Мы с Корамом принялись обсуждать загадку Греческого зала, но ни одна из наших версий так и не смогла объяснить, как вор ухитрился пробраться в музей, каким образом покинул зал и почему не прихватил свою добычу.
— Должен признаться, — сказал Корам, — что я сильно обеспокоен. Мы не имеем понятия, как убийца прокрался в Греческий зал и как бежал оттуда. Очевидно, засовы и решетки ему не помеха, так что в любую минуту можно ожидать повторения этого ужаса!
— Вы подумали о мерах предосторожности?
— Всю следующую неделю или около того в музее будут дежурить два полисмена, но затем нам придется полагаться на ночного сторожа. Состояние наших фондов позволяет нанять только четырех охранников: троих на дневную смену и одного на ночную.
— Как думаете, трудно будет найти сторожа?
— Ничуть, — ответил Корам, — я знаю одного добропорядочного человека, готового выйти на работу по первому требованию.
Той ночью я почти не спал, встал рано и поспешил в музей. Изида Клау опередила меня: она стояла в зале, держа красную подушку, а ее отец был погружен в беседу с Корамом.

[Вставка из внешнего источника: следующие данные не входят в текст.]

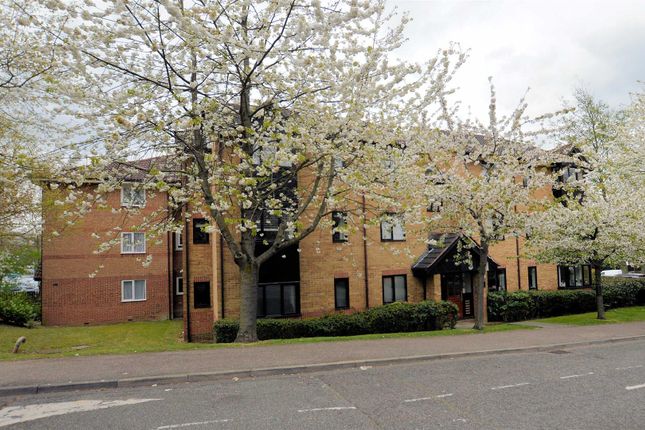 Flat to rent in Woodland Grove, Epping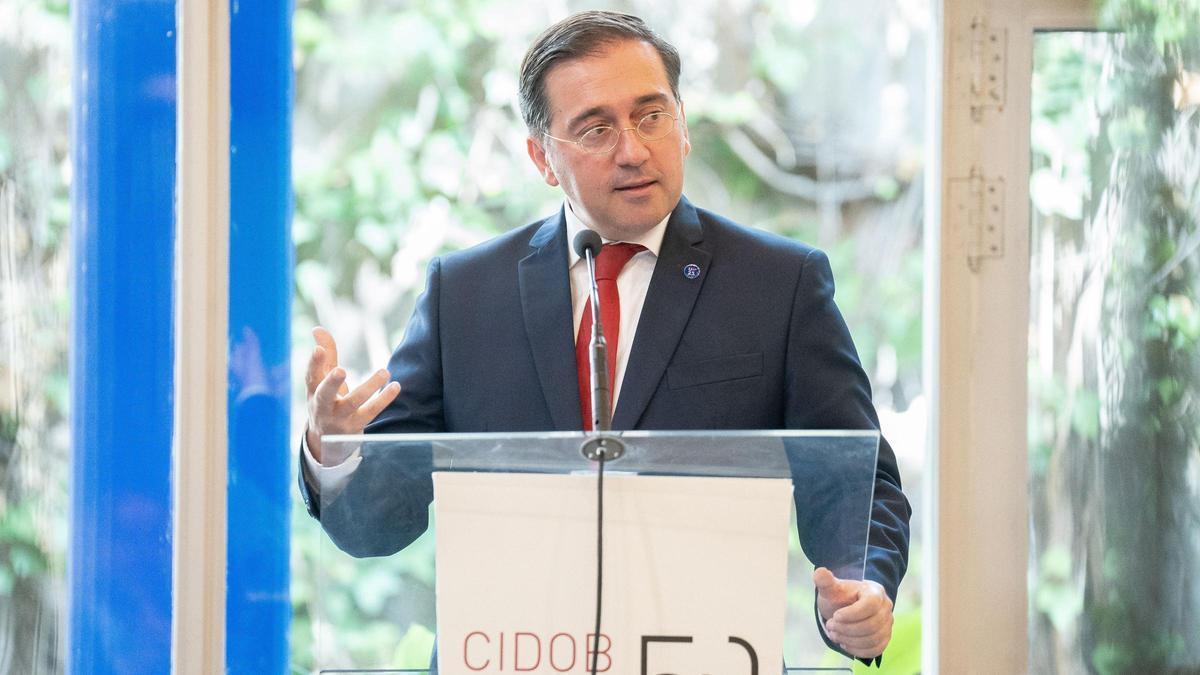 El ministro de Asuntos Exteriores, Cooperación y Unión Europea, José Manuel Albares, explica prioridades de la Presidencia española de la UE en el CIDOB de Barcelona. El ministro de Asuntos Exteriores, Cooperación y Unión Europea, José Manuel Albares, explica prioridades de la Presidencia española de la UE en el CIDOB de Barcelona.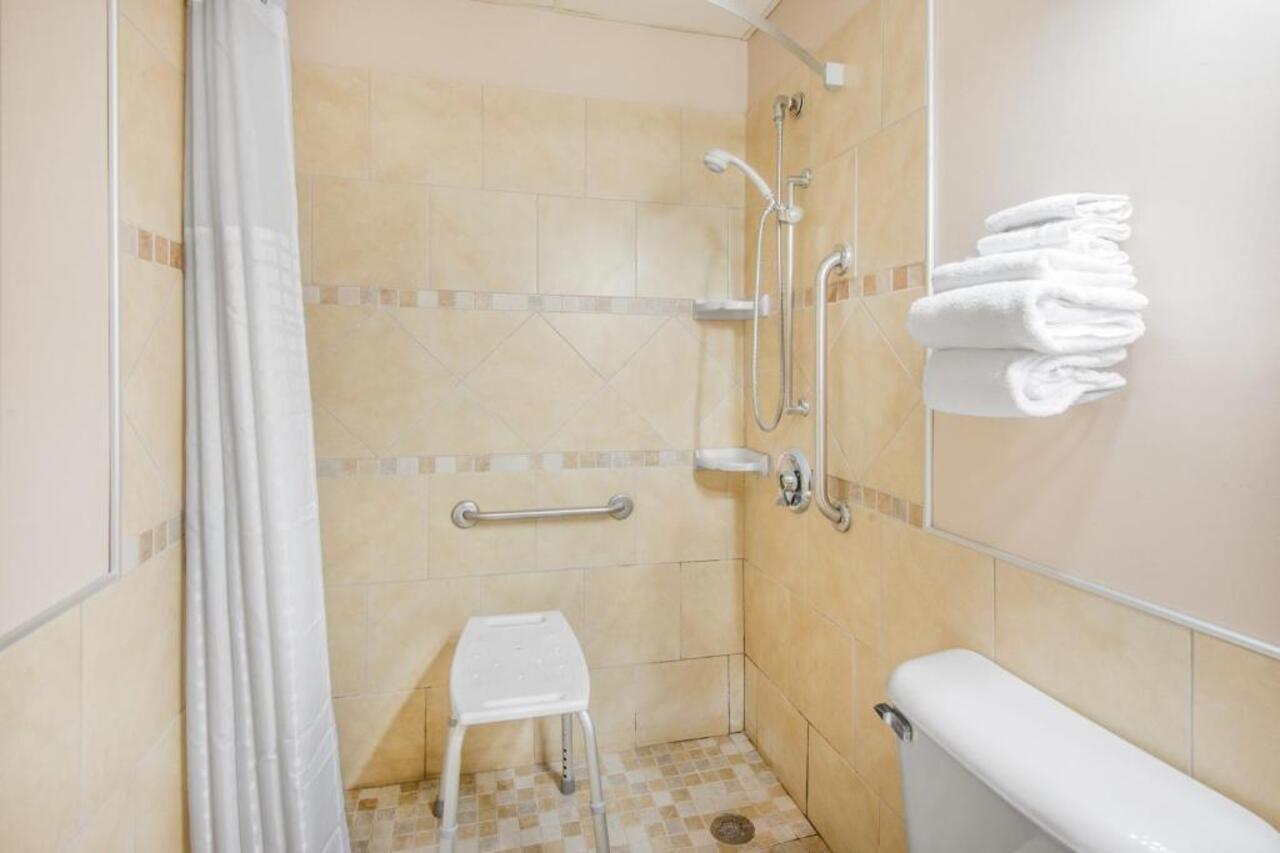 Super 8 Cleveland Hotell North Ridgeville Eksteriør bilde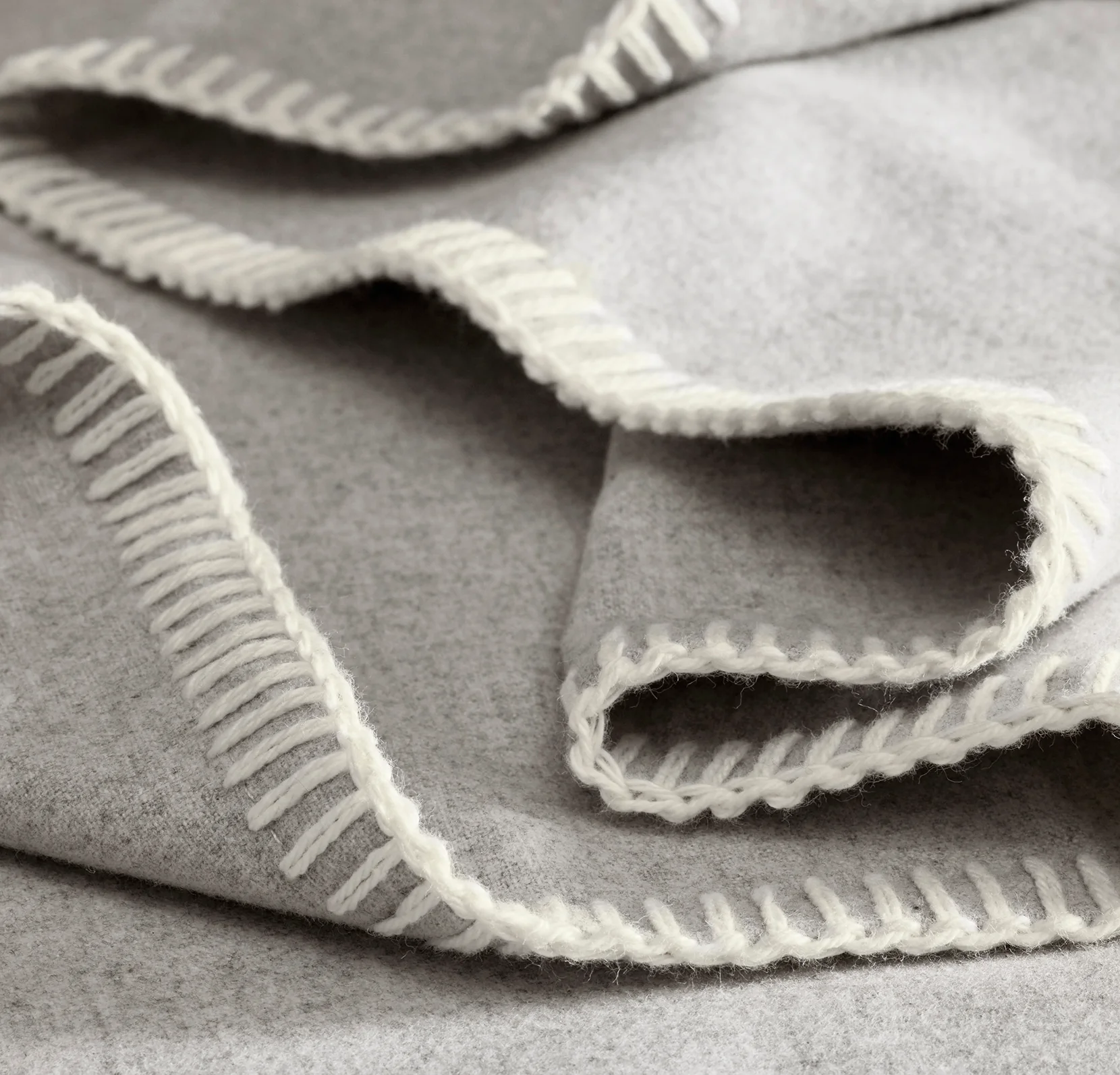 Flannel Sheet Set - Heathered Fog/Cream Whipstitch - Image 4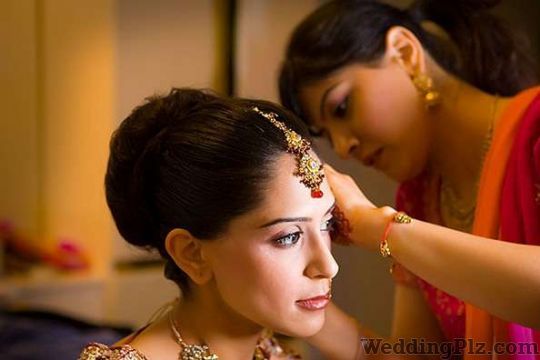 Kumar Studio Photographers and Videographers weddingplz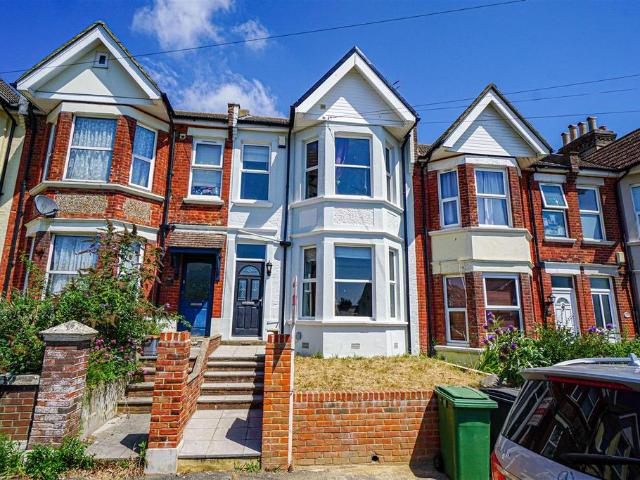 House for sale in Clive Vale, Guestling Green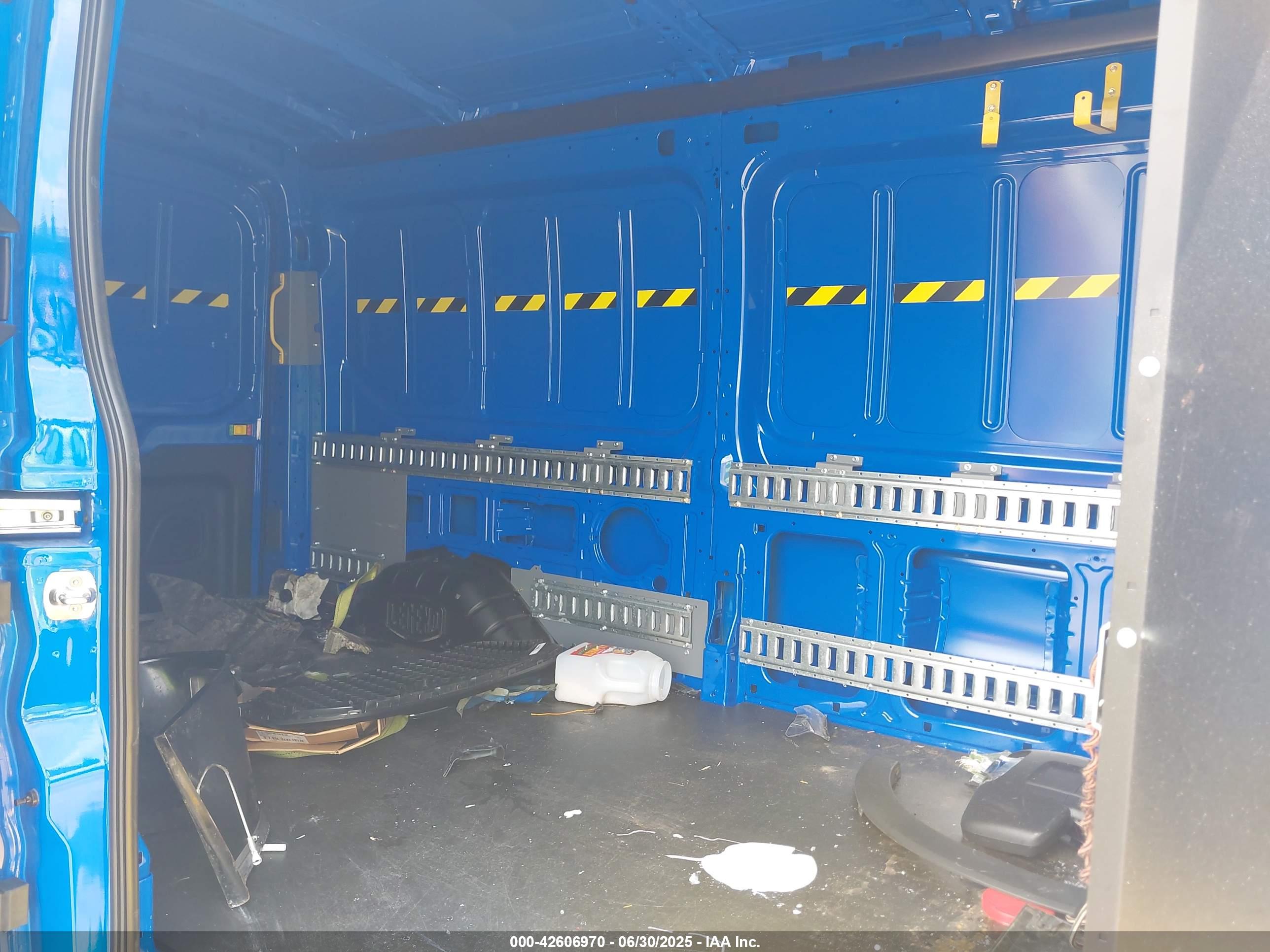 FORD TRANSIT-250 image 8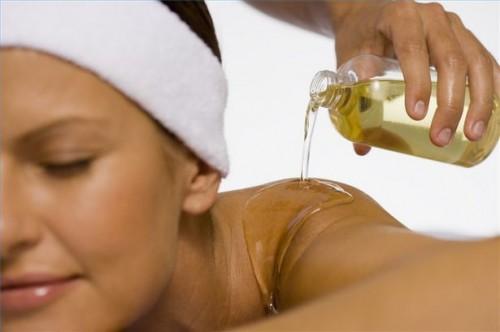 Comment faire de l'huile de bois de santal naturel Massage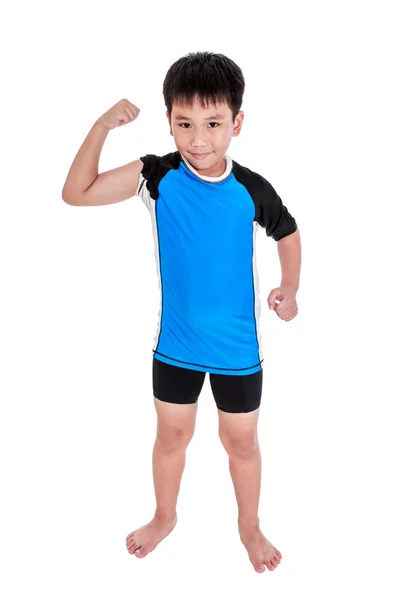 Asiático menino forte está flexionando seu músculo bíceps. Isolado sobre fundo branco . — Fotografia de Stock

Ко мне подошел Гримсби, инспектор уголовной полиции.
— Вижу, вы рассматриваете подушку, сэр! — улыбаясь, сказал он. — Уверяю вас, Клау вовсе не подсадная утка или хитроумный грабитель. В музее все в полной сохранности!
— В этом меня уверять не требуется, — ответил я. — Я и не сомневался в чистоте намерений мистера Клау.
— Погодите, вот услышите его безумную теорию! — сказал Гримсби, искоса поглядывая на девушку.
— Мистер Корам, — говорил между тем Морис Клау своим необычайным, громыхающим голосом, — на моей психической фотографии запечатлелась женщина! Женщина, одетая во все белое!
Гримсби многозначительно кашлянул — и покраснел, встретив взгляд Изиды.
— В сознании бедного Конвея, — продолжал Клау, — встает эта картина в момент последнего вздоха — он поражен видом женщины в белом и до дрожи боится арфы Афины, которую та держит в руке!
— Держит в руке! — вскричал Корам.
— Некая женщина вытащила арфу из витрины за считанные минуты до смерти Конвея, — подтвердил Морис Клау. — Много предстоит мне работы, и с помощью Изиды я проявлю негатив! Вчера поведал мне констебль, дежуривший ночью на площади, что около четырех утра видел тяжелый автомобильный фургон для перевозки мебели. Вскоре после четырех произошла трагедия. Шофер не знал, что площадь представляет собой тупик. Важно ли это? Не знаю. Зачастую подобные мелочи имеют большое значение. Но не должны мы терять время даром. Покуда не дам я о себе знать, посыпайте пол вокруг постамента с арфой Афины сухим гипсом каждую ночь. Доброго вам утра, джентльмены!
С этими словами Морис Клау взял дочь под руку и покинул музей.
На протяжении нескольких недель музей Мензье жил обычной жизнью. Новый ночной сторож, огромный шотландец по имени Джон Макалистер, судя по всему, хорошо усвоил свои обязанности, и вскоре обстановка в музее перестала напоминать о недавней трагедии. Ключ к решению так и не был найден, полиция терялась в догадках. Морис Клау хранил молчание. Но Макалистер, похоже, нисколько не нервничал и только повторял, что в случае чего сумеет постоять за себя.
Бедный Макалистер! Громадный рост и мускулы не спасли его от ужасной судьбы. Однажды утром его обнаружили лежащим навзничь в Греческом зале — он был мертв!